- L’Oréal, Sephora and YouCam Makeup explain how they're reaching makeup mavens in new ways.
- L’Oréal: “Technologies like machine learning, artificial intelligence and augmented reality allow us to be where consumers expect us to be—online and offline—and to offer them personalized services which enhance their daily beauty experience.”
- Sephora: "We do not approach digital for the sake of adding new, cool technology. We use it to help the client."
Beauty brands are merging the real world with the digital one at an increasingly higher rate, and activations through emerging tech such as augmented reality are turning into pivotal players in helping legacy makeup brands reach millennials and Gen Z.
Looking for a new concealer, foundation or shade of lipstick? Rather than trudging into a brick-and-mortar and making it a half-day event to find a new product that’s going to add more color to your life than an Instagram filter, tech-savvy consumers are taking to mobile for beauty on their own terms.

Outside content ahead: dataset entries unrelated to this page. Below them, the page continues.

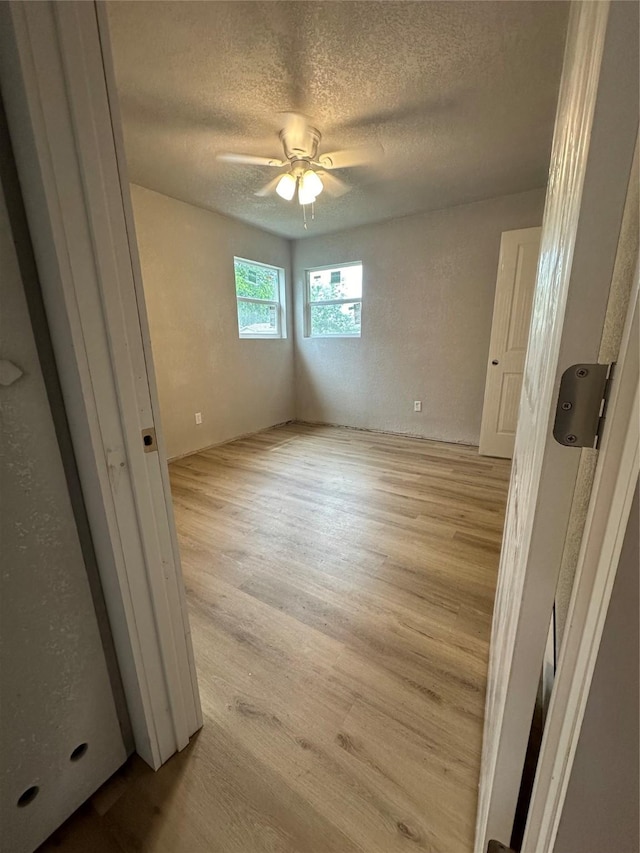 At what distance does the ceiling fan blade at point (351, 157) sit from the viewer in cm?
221

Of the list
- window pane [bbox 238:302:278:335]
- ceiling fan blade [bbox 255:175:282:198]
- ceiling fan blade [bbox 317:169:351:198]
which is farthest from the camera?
window pane [bbox 238:302:278:335]

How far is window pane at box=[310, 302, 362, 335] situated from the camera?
413 centimetres

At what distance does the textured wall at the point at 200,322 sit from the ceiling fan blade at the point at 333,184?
134 cm

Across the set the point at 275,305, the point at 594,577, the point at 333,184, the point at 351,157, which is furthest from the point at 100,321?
the point at 275,305

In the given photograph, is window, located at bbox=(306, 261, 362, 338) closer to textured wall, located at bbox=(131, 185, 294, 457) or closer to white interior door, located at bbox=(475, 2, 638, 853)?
textured wall, located at bbox=(131, 185, 294, 457)

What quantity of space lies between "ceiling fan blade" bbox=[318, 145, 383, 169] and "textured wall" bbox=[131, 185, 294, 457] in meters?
1.54

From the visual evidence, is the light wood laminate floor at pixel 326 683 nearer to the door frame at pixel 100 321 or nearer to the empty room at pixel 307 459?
the empty room at pixel 307 459

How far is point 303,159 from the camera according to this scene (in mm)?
2133

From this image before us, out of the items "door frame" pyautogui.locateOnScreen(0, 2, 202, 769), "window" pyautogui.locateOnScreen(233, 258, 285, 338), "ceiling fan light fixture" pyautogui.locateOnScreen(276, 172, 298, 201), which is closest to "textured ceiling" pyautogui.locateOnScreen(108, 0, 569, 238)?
"ceiling fan light fixture" pyautogui.locateOnScreen(276, 172, 298, 201)

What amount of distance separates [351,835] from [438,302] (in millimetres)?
3774

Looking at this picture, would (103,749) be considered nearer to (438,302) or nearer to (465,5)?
(465,5)

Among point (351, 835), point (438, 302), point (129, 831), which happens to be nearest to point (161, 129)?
point (438, 302)

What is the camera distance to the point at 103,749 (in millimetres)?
900

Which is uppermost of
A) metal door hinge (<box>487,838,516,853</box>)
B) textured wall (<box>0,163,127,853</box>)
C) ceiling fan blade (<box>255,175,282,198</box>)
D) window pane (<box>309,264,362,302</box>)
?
ceiling fan blade (<box>255,175,282,198</box>) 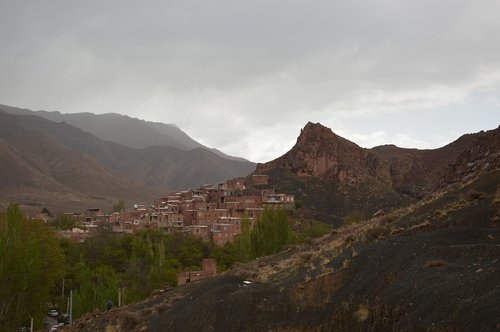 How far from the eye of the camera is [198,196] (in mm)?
96875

As makeup mavens take to tech and mobile, marketers are looking to tap into the modern millennial mindshare with their omnichannel strategies.
“Today’s consumers expect their shopping experience to be fun, effortless and tailor-made to meet their momentary aspirations, moods and desires—wherever they are,” Esohe Omoruyi, senior vice president of global open innovation and digital services for L’Oréal, told AListDaily. “Services are an important part of this modern consumer journey—and it’s especially true for beauty, where personalization, advice and the possibility to try products is key.”

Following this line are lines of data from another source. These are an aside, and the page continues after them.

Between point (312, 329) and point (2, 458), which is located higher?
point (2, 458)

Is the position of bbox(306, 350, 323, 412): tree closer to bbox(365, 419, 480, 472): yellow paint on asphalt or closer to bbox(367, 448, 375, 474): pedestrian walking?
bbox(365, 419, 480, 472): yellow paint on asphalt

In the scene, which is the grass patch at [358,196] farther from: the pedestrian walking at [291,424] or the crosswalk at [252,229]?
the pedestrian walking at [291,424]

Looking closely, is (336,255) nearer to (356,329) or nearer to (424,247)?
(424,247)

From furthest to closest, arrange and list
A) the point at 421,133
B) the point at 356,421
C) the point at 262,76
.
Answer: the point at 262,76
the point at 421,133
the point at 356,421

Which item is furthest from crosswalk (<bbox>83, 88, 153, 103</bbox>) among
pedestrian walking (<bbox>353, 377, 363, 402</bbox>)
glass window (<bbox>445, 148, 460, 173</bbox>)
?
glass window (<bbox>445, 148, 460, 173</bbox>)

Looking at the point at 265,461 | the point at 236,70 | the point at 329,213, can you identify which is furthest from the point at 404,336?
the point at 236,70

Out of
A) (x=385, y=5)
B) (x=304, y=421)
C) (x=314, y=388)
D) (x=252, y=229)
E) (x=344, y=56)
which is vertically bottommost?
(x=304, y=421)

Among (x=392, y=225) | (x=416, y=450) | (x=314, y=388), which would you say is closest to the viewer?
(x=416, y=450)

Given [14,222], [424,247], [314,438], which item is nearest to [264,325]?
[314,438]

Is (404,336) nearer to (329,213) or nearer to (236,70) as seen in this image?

Earlier this summer, L’Oréal integrated its worldwide makeup brands and collections into YouCam Makeup, an AR beauty app. The move builds on the 2014 launch of their own virtual makeup app, Makeup Genius from L’Oréal Paris, which has been downloaded 20 million times worldwide.
Omoruyi says L’Oréal’s omnichannel approach opens opportunities to develop stronger relationships with consumers at every touchpoint, learn more about their aspirations and grow their business both online and offline.
L’Oréal is the number one beauty brand in the US and accounts for roughly 19 percent of America’s $56.8 billion dollar industry, according to the Statistic Brain Research Institute.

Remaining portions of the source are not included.